By Nick Goldstein, vice president of regulatory and legal issues, ARTBA
The U.S. Environmental Protection Agency (EPA) is busy announcing new rules or proposed regulatory changes in the closing weeks of the Trump administration. ARTBA members should be aware of these three recent developments:
The agency Dec. 7 said it will not tighten federal standards for particulate matter, a decision that ensures U.S. counties currently in compliance with the Clean Air Act are not at risk of losing federal highway funding.
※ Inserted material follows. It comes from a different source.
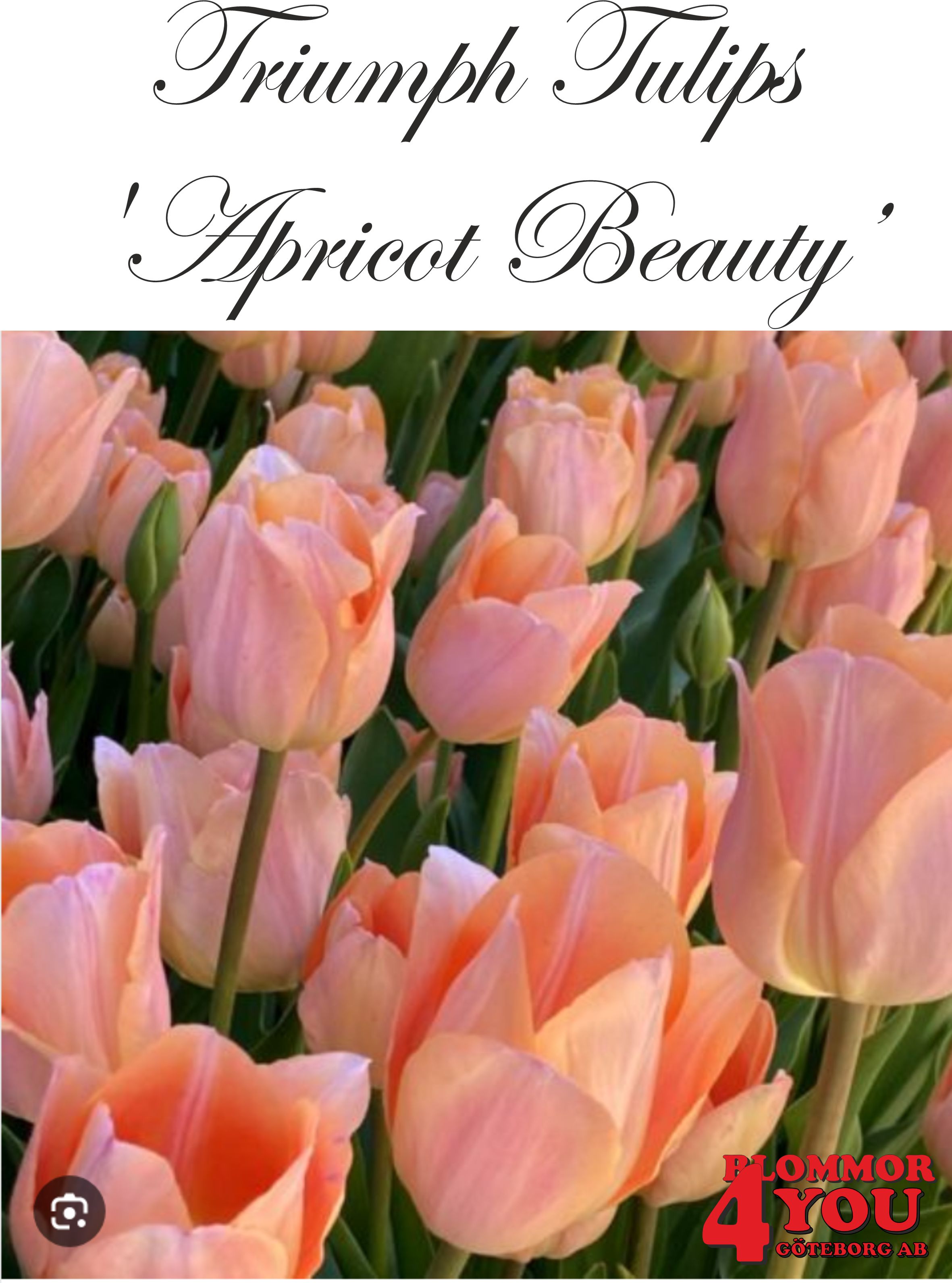 80095  APRICOT BEAUTY    TRIUMPHTULPAN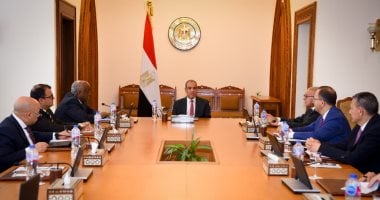 وزير الخارجية يعقد اجتماعاً لمتابعة التحضيرات للفعاليات الأفريقية فى العلمين الجديدة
EPA is required to review particulate standards every five years. The last time it chose to retain, rather than tighten, the standards was 2006. In June comments and public testimony, ARTBA pointed to EPA’s own data stating these emissions have fallen “significantly” since 1990 as evidence that the current standard is working.
Cost Benefit Analysis
On Dec. 9, EPA unveiled a new rule allowing the agency to consider both the costs and the benefits of proposed regulations under the Clean Air Act. Currently, costs are either understated or not considered at all. The new rule would ensure that the costs of regulatory actions are properly considered.
ARTBA supported the proposal at a July 1 hearing and Aug. 3 comments.
EPA Dec. 10 issued draft guidance addressing Clean Water Act (CWA) jurisdiction over groundwater discharge. This comes in response to the U.S. Supreme Court’s decision earlier this year in County of Maui v. Hawaii Wildlife Fund, which directed EPA to discern when discharges into groundwater can be regulated under the CWA.
The issue is important to transportation construction because an overly broad interpretation of groundwater jurisdiction would lead to project delays. ARTBA is reviewing the guidance and will be provide comments before EPA’s Jan. 8, 2021, deadline.
While there has been no indication about how the incoming Biden administration will respond to this week’s developments at EPA, ARTBA will continue to monitor these issues and advocate on behalf of its members’ interests.